John Bell, Heidelberg Heights, Vic
I hope David Attenborough reads Chris Kenny’s article on Australian bushfires. He may then get a greater appreciation of the science of Australian bushfires. Armed with this insight he might then revise his recent statement, “the southeast of Australia is on fire” to just less than 10 per cent of NSW and Victoria has been burnt in the bushfires.
Mark Biss, Camberwell, Vic
There is little consolation after losing so much to be reminded that it is not a fair, rational world.
Natural disasters can cause us to lose confidence in ourselves, our jobs, homes and judgment. There is little reassurance in being reminded that a promise that grief offers is a return of happiness in time.
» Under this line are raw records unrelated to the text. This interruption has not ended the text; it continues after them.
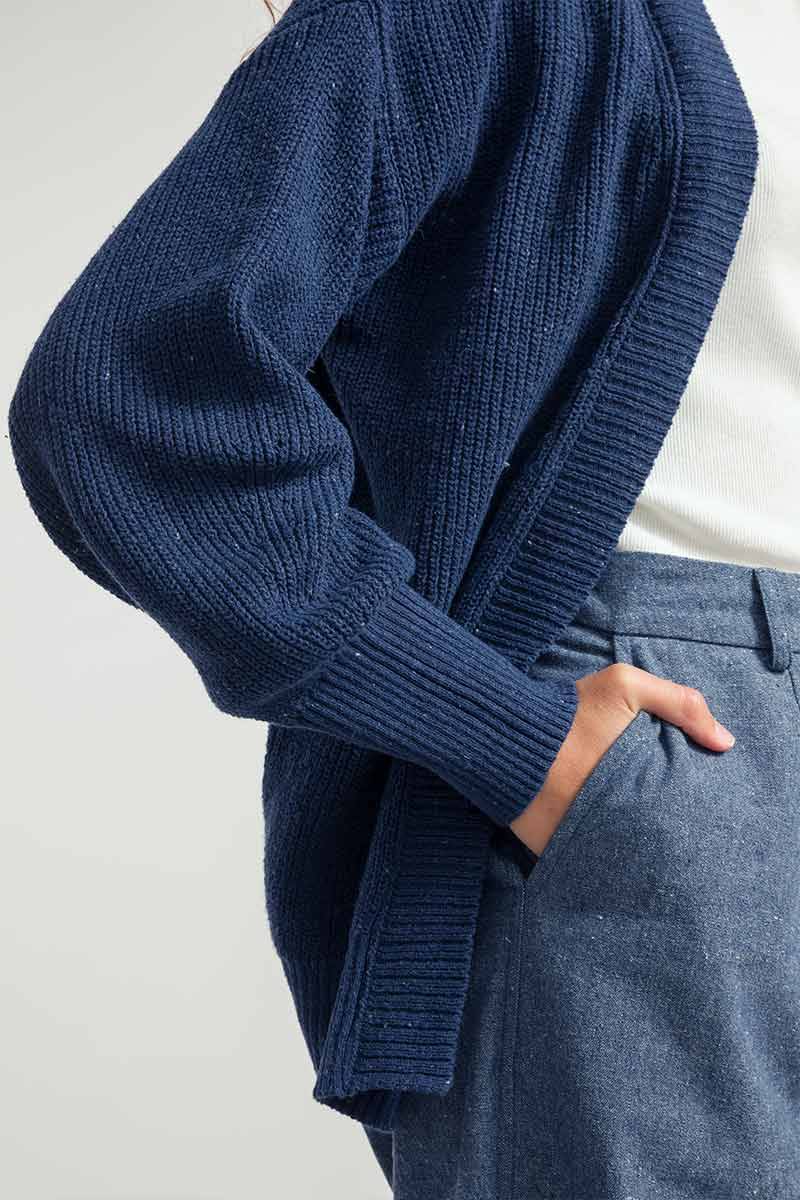 Rifò CARA Cardigan Donna Cotone Jeans Rigenerato Vendita Economica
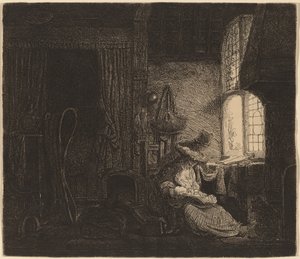 Die Familie im Zimmer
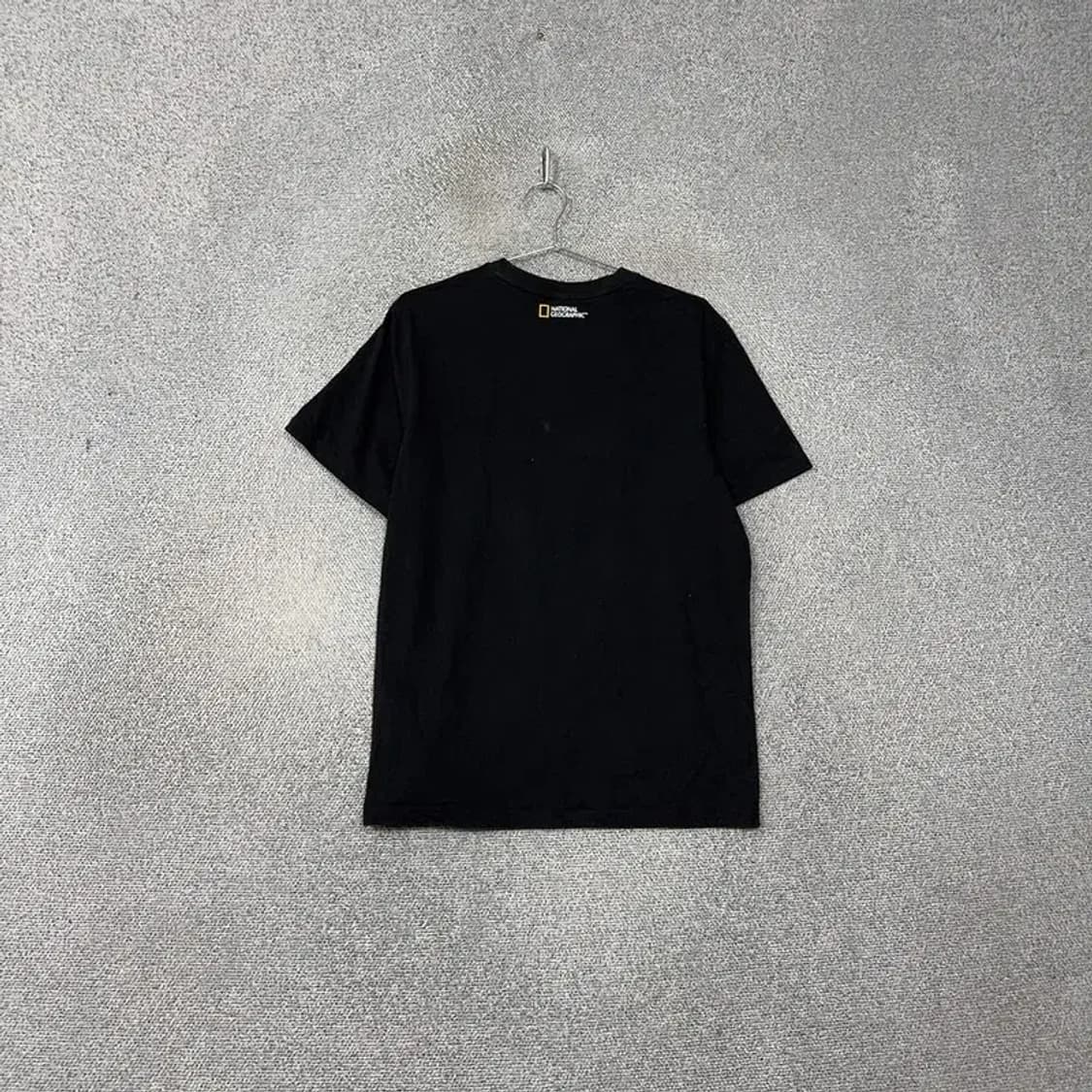 내셔널지오그래픽 로고 남성 블랙 반팔 티 XL 상품이미지2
When our loves, dreams, possessions and places are replaced with loss, then courage is called for, then patience, then endurance. To bunker down in a cocoon that avoids physical or emotional pain, results in a bland and stunted existence.
Graeme Prosser, Shenton Park, WA
Climate change is well known as a risk multiplier for extreme weather, bushfires and drought. While the Prime Minister can’t be blamed for these fires, his demeanour and stance has made many Australian unable to recognise themselves.
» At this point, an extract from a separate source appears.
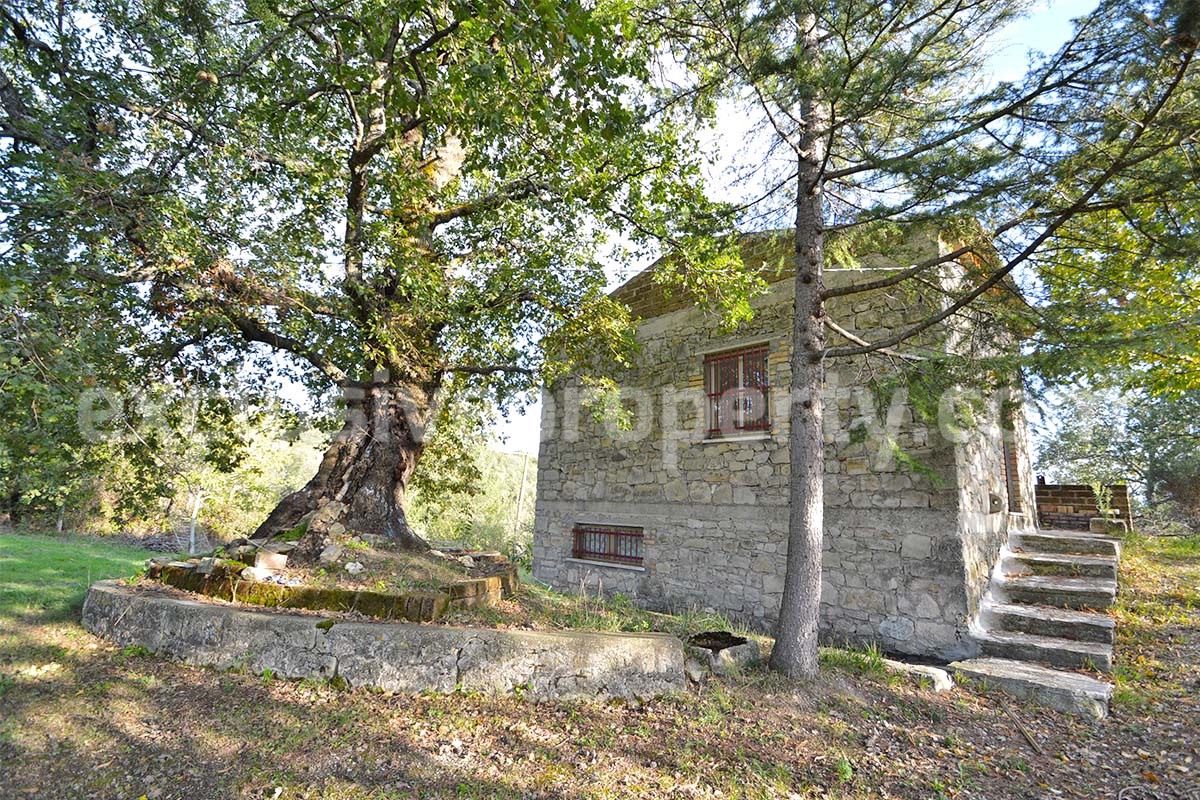 Stand alone stone house with land for sale in Abruzzo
We don’t want to be the people who were the last to act decisively in this defining human health issue, and nor do we buy the bogus binary prospect that the economy will tank if we lead in climate action. This smacks of vested interests.
The fires have woken many up to the harsh reality that is global climate change, and the PM should move with the facts rather than spin an outdated narrative.
Marianne Cannon, Brisbane, Qld
Those demanding action on climate change should read Denzil Bourne’s letter (20/1) quoting experts and pointing out that climate is a complex chaotic system influenced by many factors that can’t be controlled by humans. The main factors are the sun and the seas.
The brighter ones among them might then realise that concentrating on just one minor part of that complex system, CO2, is an expensive waste of time. They might also ask why the pre-industrial climate has become a benchmark when, with the same CO2 levels, Earth was warmer in the past and Canada was covered in ice 12,500 years ago.
We can’t control the climate, and if we could, there is no standard climate to aim for. The hand-wringers will have to find something else for which to blame the PM.
Doug Hurst, Chapman, ACT
Scott Morrison has several options available to reassert his authority and popularity with bushfire management, as Nick Cater outlines (“Time to come out of the wilderness and cut back the fuel”, 20/1).
He can tell state and territory governments that if they want to control future bushfires they will have to be realistic about hazard reduction and not be dictated to by Greens-controlled agencies and local councils.
While bushfire control measures are the financial responsibility of individual state and territories, the commonwealth would consider financial and material aid, as it is doing.
The PM should also be clear that his government will not be influenced by the mounting hysteria being fuelled by the Greens, Labor, climate activists and sections of the media, that the latest bushfires and floods being experienced in areas of the east coast, are the results of climate change.